Introducing the Trek Remedy 9 with ABP Suspension

New for 2008, the Trek Remedy 9 utilizes Trek’s new ABP (Active Braking Pivot) suspension design with the rearmost pivot rotating around the rear axle. Finally, bike technology and building capabilities have gotten to the point where a pivot around the rear axle is a reality. This effectively eliminates brake-induced suspension lockup and ensures a consistent suspension feel under both hard braking and pedaling.

Trek ABP Rear Dropout Design - Courtesy

Not satisfied with the advancements of the ABP design alone, Trek has slapped two additional innovations onto the Remedy 9.  Those include Full Floater and EVO Link.

Full Floater refers to how the shock is mounted to the frame. Well, in this case, it isn’t mounted to the frame at all, but it is suspended between the rocker arm on the top and the extended ends of the chainstay linkage. I’m sure it makes for some interesting engineering to effectively place a shock in that type of a floating location, but I’m told it makes the suspension feel more plush and bottomless.

EVO Link is an all-in-one rocker pivot to increase stiffness and efficiency. While most rocker arms are made in several pieces, EVO Link is a one-piece design, thus increasing stiffness and efficiency.
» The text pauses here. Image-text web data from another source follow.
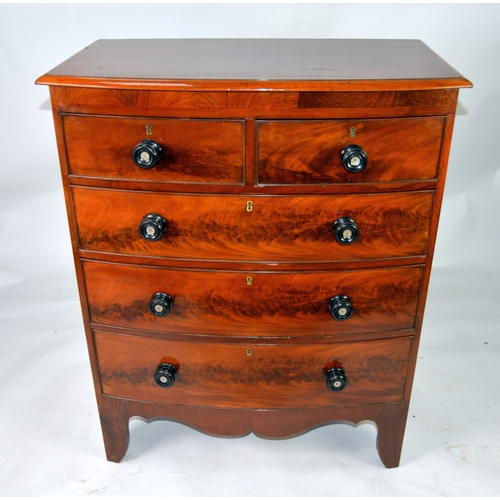 63 - GEORGE III MAHOGANY BOW FRONTED CHEST, with ebonised handles and splay bracket feet, 5 1/2in (105.5c... 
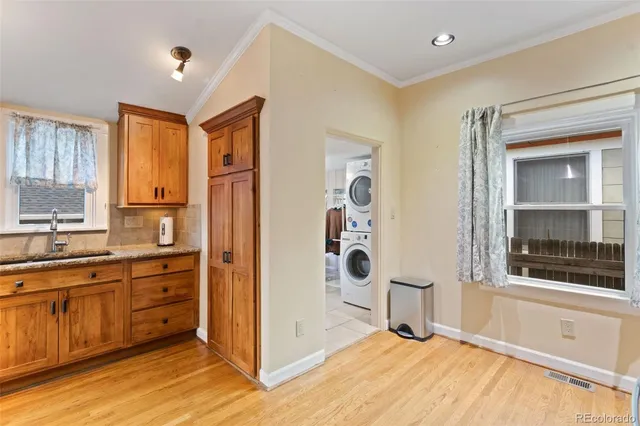 a view of a kitchen with a sink and a window
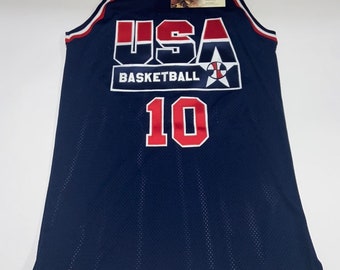 May include: A navy blue basketball jersey with the word "USA" in red, white, and blue letters. The jersey has the words "Basketball" and a star with a basketball inside. The number "10" is on the front of the jersey in red.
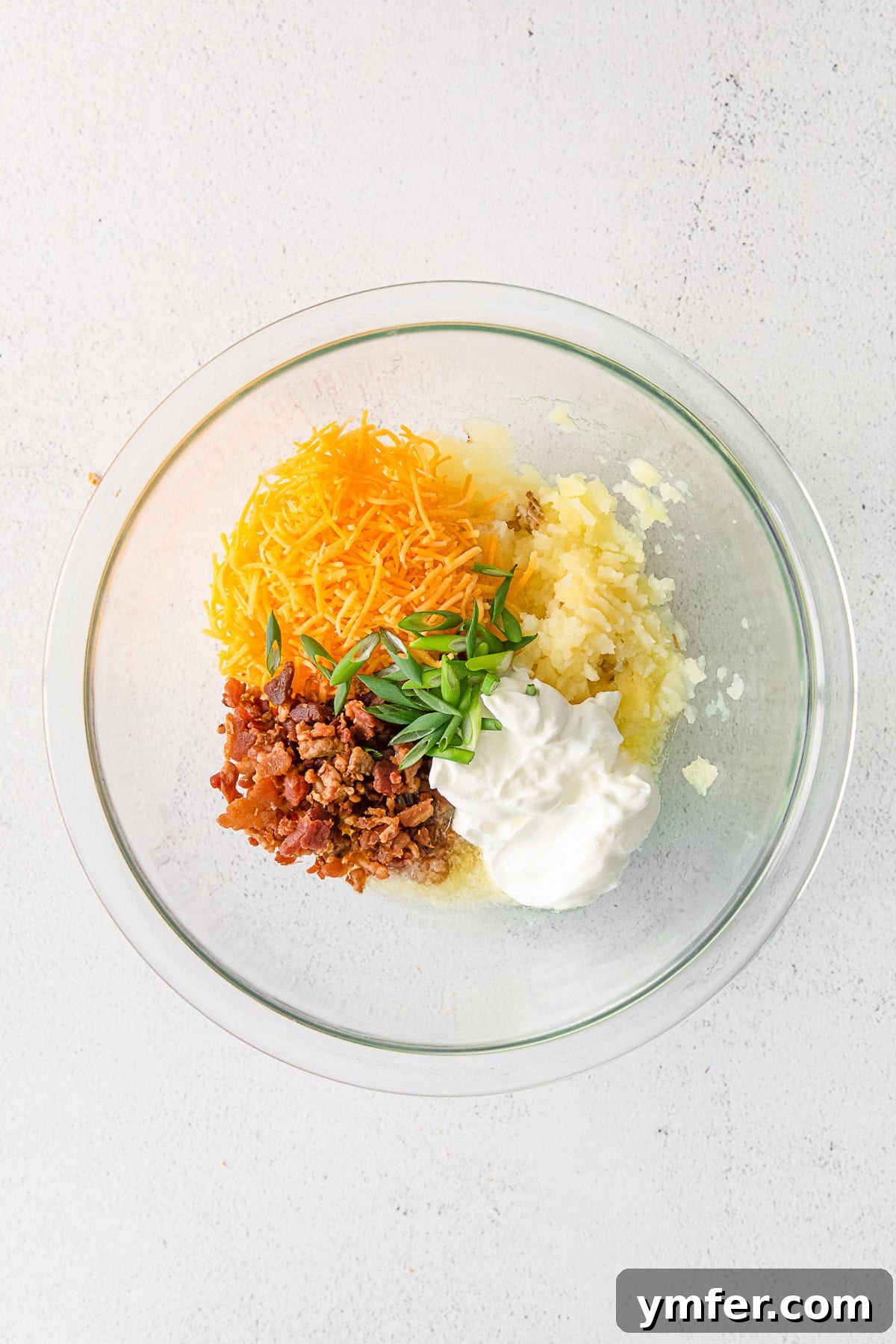 Tiny Tater Toppers 7 A bowl filled with a creamy mixture of mashed potatoes, sour cream, melted cheese, and bacon, ready to be stuffed into potato skins.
Trek Remedy 9 with ABP Suspension Design

Between the ABP, Full Floater and EVO Link, I’m completely geeking out.  This triple-threat combo is featured on the Remedy and Fuel EX lineups . I have yet to ride a new Trek Remedy 9 on the trails, but I’m hoping to before the summer is out. With 150mm in the rear and 160mm up front, it looks stellar on paper. If I don’t get on one, then look for a hands-on review of the Trek Remedy after Interbike 2008 in Las Vegas, NV. MSRP for the Trek Remedy 9 is $4729.99.

More Info: Visit to see the Remedy 9

About Author

A native of the Pacific Northwest, Jason quickly developed a love for the outdoors and a thing for mountains. That infatuation continues as he founded this site in 1999 -- sharing his love of road biking, mountain biking, trail running and skiing. That passion is channeled into every article or gear review he writes. Utah's Wasatch Mountains are his playground.


  1. Thanks for the great review! I just picked up a 2009 Remedy 9 frame and consolidated two bikes (one XC and one AM) into this bike. All I can say is WOW! I’ve been actively riding mountain bikes since ’93 and these latest designs are amazing. I can definitely notice the ABP and Full Floater difference. I can climb better and still rip the DH. I’m now a believer in the “One bike for everything” mindset.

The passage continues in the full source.